*** GIVEN INFORMATION
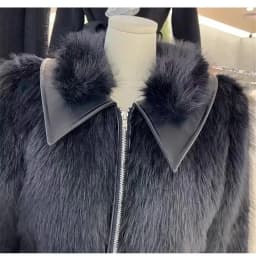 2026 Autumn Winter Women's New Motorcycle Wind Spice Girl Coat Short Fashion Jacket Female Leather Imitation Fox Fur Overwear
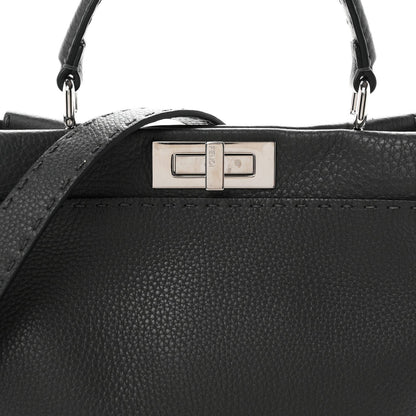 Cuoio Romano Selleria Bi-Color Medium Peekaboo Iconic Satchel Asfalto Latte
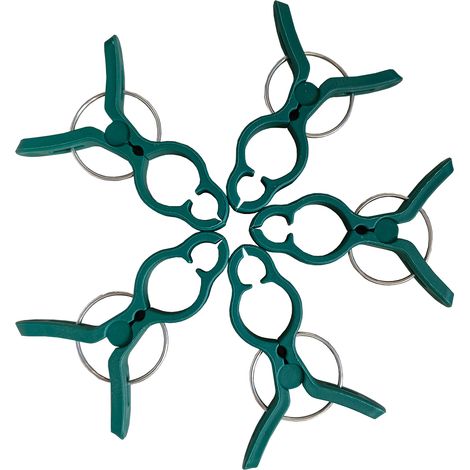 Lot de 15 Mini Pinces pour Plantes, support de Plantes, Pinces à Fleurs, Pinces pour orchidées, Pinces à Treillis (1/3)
******
WHAT TO DO: What you return must match the data above exactly, with no images included.

ANSWER:
 2026 Autumn Winter Women's New Motorcycle Wind Spice Girl Coat Short Fashion Jacket Female Leather Imitation Fox Fur Overwear
 Cuoio Romano Selleria Bi-Color Medium Peekaboo Iconic Satchel Asfalto Latte
 Lot de 15 Mini Pinces pour Plantes, support de Plantes, Pinces à Fleurs, Pinces pour orchidées, Pinces à Treillis (1/3)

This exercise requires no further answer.